Effects of ginsenoside Rh2 on growth and migration of pancreatic cancer cells

Figure 1 Effect of Rh2 on viability of Bxpc-3 cells. A and B: Methyl thiazolyl tetrazolium assay showed that the inhibitory effects of Rh2 on the viability of BxPc-3 cells were observed in both a dose- and time-dependent manner; C: A colony formation assay was used to examine the growth of BxPc-3 cells, ^aP < 0.05 vs 0 μmol /L group; ^cP < 0.05 vs 0 h group.

Figure 2 Rh2 induces G₀/G₁ arrest in Bxpc-3 cells treated for 48 h. A, B: Cell cycle distribution was assessed by flow cytometry. The results showed that the cell cycle was arrested at the G₀/G₁ phase when treated with Rh2; C, D: Western blotting was used to examine protein expression of cyclin D1; E, F: Reverse transcriptase-polymerase chain reaction was used to examine the expression of cyclin D1 mRNA. The results indicated that Rh2 downregulated protein and mRNA expression of cyclin D1 in Bxpc-3 cells. ^aP < 0.05 vs 0 μmol /L group. GADPH: Glyceraldehyde-3-phosphate dehydrogenase.

Figure 3 Rh2 induces Bxpc-3 cells apoptosis. A, B: An apoptosis assay was carried out using flow cytometry after Annexin V-FITC/PI staining. Viable cells are in the lower left quadrant, early apoptotic cells are in the lower right quadrant, late apoptotic or necrotic cells are in the upper right quadrant, and nonviable necrotic cells are in the upper left quadrant. The data showed that Rh2 increased the percentages of early and late apoptotic cells; C, D: An apoptosis assay was also carried out using Hoechst 33 258 staining. Nuclei were stained weak homogeneous blue in the normal cells, and bright chromatin condensation and nuclear fragmentation were found in the apoptosis cells. The percentages of apoptosis cells treated with Rh2 were increased, ^aP < 0.05 vs 0 μmol /L group.

Figure 4 Effects of Rh2 on proteins and mRNA expression of Bax, Bcl-2, survivin, cleaved caspase-3, caspase-8, caspase-9 in Bxpc-3 cells. A, B: Western blotting was used to examine protein expression of Bax, Bcl-2, survivin, cleaved caspase-3, caspase-8 and caspase-9. Rh2 upregulated protein expression of Bax, cleaved caspase-3 and caspase-9 in a dose-dependent manner and downregulated protein expression of Bcl-2 and survivin in a dose-dependent manner. However, Rh2 had no effect on protein expression of cleaved caspase-8; C, D: Reverse transcriptase-polymerase chain reaction was used to examine the expression of Bax, Bcl-2 and survivin mRNA. Rh2 (45 μmol/L) upregulated mRNA expression of Bax, and downregulated mRNA expression of Bcl-2 and survivin, ^aP < 0.05 vs 0 μmol /L group.

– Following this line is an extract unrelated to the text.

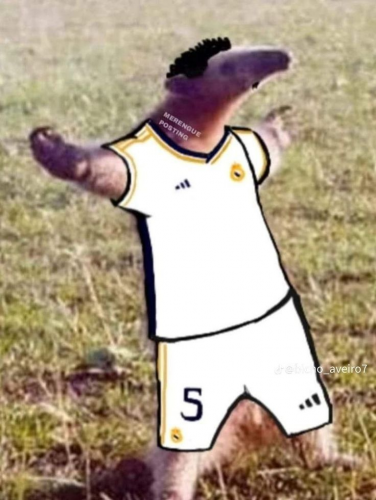 image.thumb.png.b743fb91cf884d846839859d588a445f.png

Figure 5 Rh2 inhibits Bxpc-3 cell invasion and migration. A, B: Viability of cell migration was assessed with a scratch wound healing assay and expressed by a wound healing area. Rh2 decreased the rate of scratch wound healing; C, D: Vability of cell invasion was assessed by Matrigel invasion assay and expressed by the number of invading cells. Rh2 decreased the number of invading cells, ^aP < 0.05 vs 0 μmol /L group; ^cP < 0.05 vs control group.

Figure 6 Effects of Rh2 on protein and mRNA expression of matrix metalloproteinase-2 and matrix metalloproteinase-9 in Bxpc-3 cells. A, B: Reverse transcriptase-polymerase chain reaction was used to examine the expression of matrix metalloproteinase (MMP)-2 and MMP-9 mRNA. Rh2 (45 μmol/L) downregulated expression of MMP-2 and MMP-9 mRNA; C, D: Enzyme-linked immunosorbent assay was used to examine protein expression of MMP-2 and MMP-9. Rh2 downregulated protein expression of MMP-2 and MMP-9 in supernatants of Bxpc-3 cells in a dose-dependent manner, ^aP < 0.05 vs 0 μmol /L group.